Data Cleaning, Imputation & Scaling

Real data is dirty, so before any model runs you must audit quality and fix it. This chapter covers the six data-quality dimensions (accuracy, completeness, consistency, timeliness, believability, interpretability), the common problems they flag (missing, inconsistent, duplicate, outlier values), and the three repair threads: imputation of missing data, scaling/normalisation before distance-based methods, and sampling. It is examined as short-answer: the 2024 exam's Q2 asks you to name two data-quality problems with an example each, and scaling underpins later k-NN/k-means/PCA questions.

In this chapter

What this chapter covers

  • 011. The six data-quality dimensions: accuracy, completeness, consistency, timeliness, believability, interpretability
  • 022. Common problems: missing values, inconsistent representation, duplicates, outliers, wrong/implausible values
  • 033. Resolving inconsistencies: standardise naming, formats and equivalency; de-duplicate
  • 044. Imputation: drop rows/cols; mean/median/mode; forward/backward fill; model-based (regression / k-NN)
  • 055. The imputation trade-off: bias vs information loss
  • 066. Min-max normalisation: x' = (x − min) / (max − min) → [0, 1]
  • 077. z-score standardisation: z = (x − x̄) / s
  • 088. Sampling: random, stratified, systematic — why sample, and the bias risks
Worked example · free

Name two data-quality problems with an example each (mirrors 2024 Q2)

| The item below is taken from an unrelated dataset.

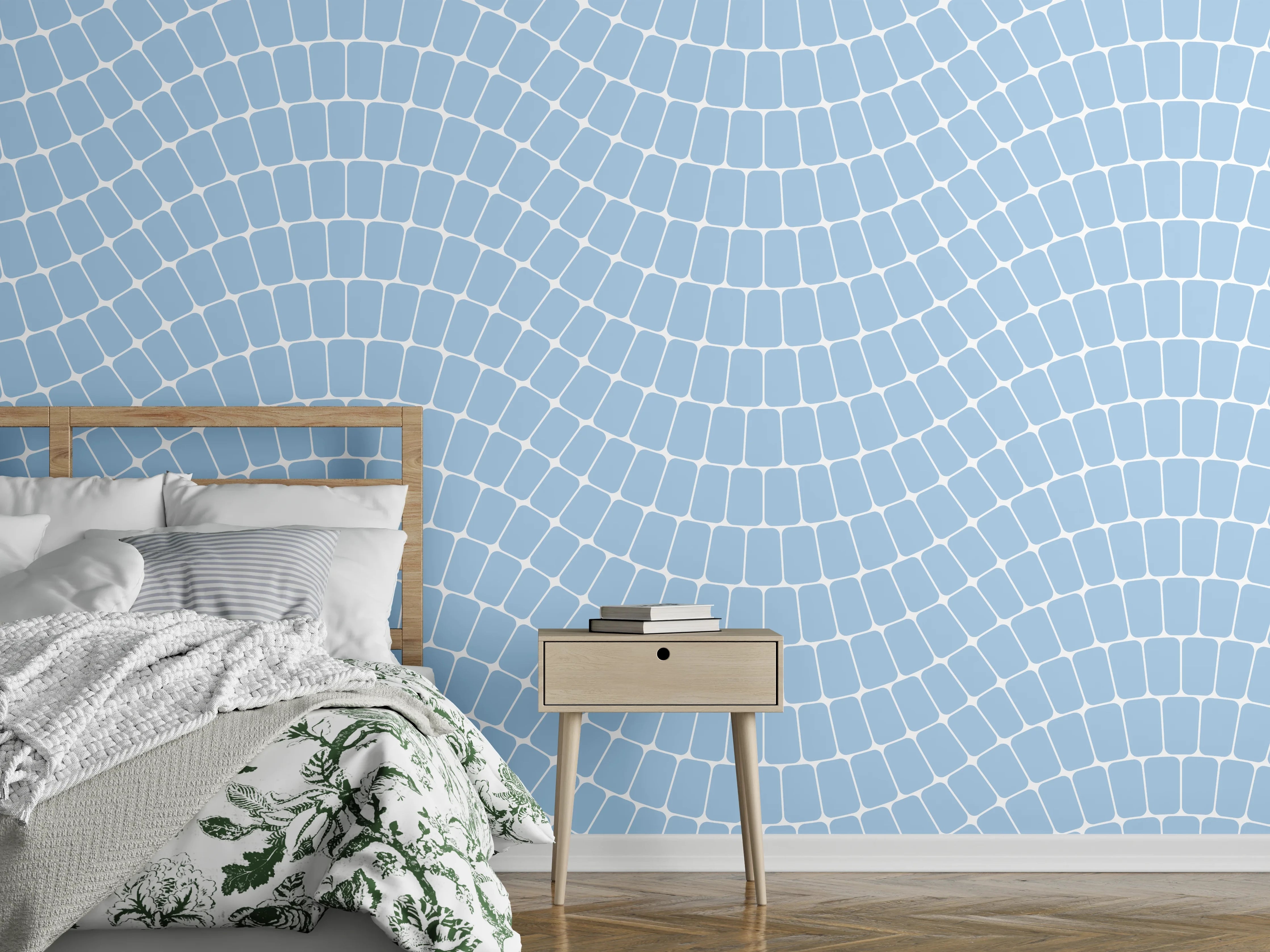 Wandverkleidung Schlafzimmer - Wellenmuster in Hellblau für Wand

Q [2 marks]. Name TWO common data-quality problems, describe each in one line, and give a concrete example of how it would appear in a dataset.
  • 1 markInconsistent representation — the same fact recorded in different formats within one column. Example: a date column holding "13/02/19", "13th Feb 2019" and "2019-02-13", which must be standardised to one format before it can be parsed or sorted.
  • 1 markMissing values — fields that were not recorded or are unavailable. Example: a "date of birth" column with blank cells or the placeholder "20 years ago", which breaks any age computation and must be imputed or have the row removed.
Inconsistent representation and missing values (other valid answers: duplicates, outliers, wrong/implausible values).
Sia tip — Use the six quality dimensions as a ready checklist to generate problems from — and always pair each named problem with a concrete, dataset-level example, because the marker is rewarding that you can spot it in practice, not just recite the term.
Glossary

Key terms

Six data-quality dimensions
The pre-ingest checklist: accuracy (values are correct), completeness (no missing data), consistency (no contradictions across records/formats), timeliness (data is current enough), believability (the data is trusted), interpretability (it is understandable). Most quality problems map onto one of these.
Imputation
Filling missing values rather than dropping them. Options range from simple (mean/median/mode, forward/backward fill) to model-based (predict the missing value with regression or k-NN). The trade-off is that imputing introduces some bias, while dropping rows loses information.
Min-max normalisation
Rescales a feature to the range [0, 1] with x' = (x − min) / (max − min). It preserves the shape of the distribution but is sensitive to outliers (one extreme value stretches the range and compresses everything else).
z-score standardisation
Recentres and rescales a feature to mean 0 and standard deviation 1 with z = (x − x̄) / s. It is less squashed by outliers than min-max and is the usual choice before distance-based methods like k-NN, k-means and PCA.
Outlier
A value far from the bulk of the data. Outliers distort means, inflate variance, and (because they sit far away in feature space) drag centroids in k-means and dominate distance-based methods, so they must be detected and handled before modelling.
Sampling
Selecting a subset of records to analyse: random (every record equally likely), stratified (sample within subgroups to preserve their proportions), systematic (every k-th record). Sampling saves cost and scale but can introduce bias if the scheme is not representative.
FAQ

Data Cleaning, Imputation & Scaling FAQ

When should I drop rows versus impute missing values?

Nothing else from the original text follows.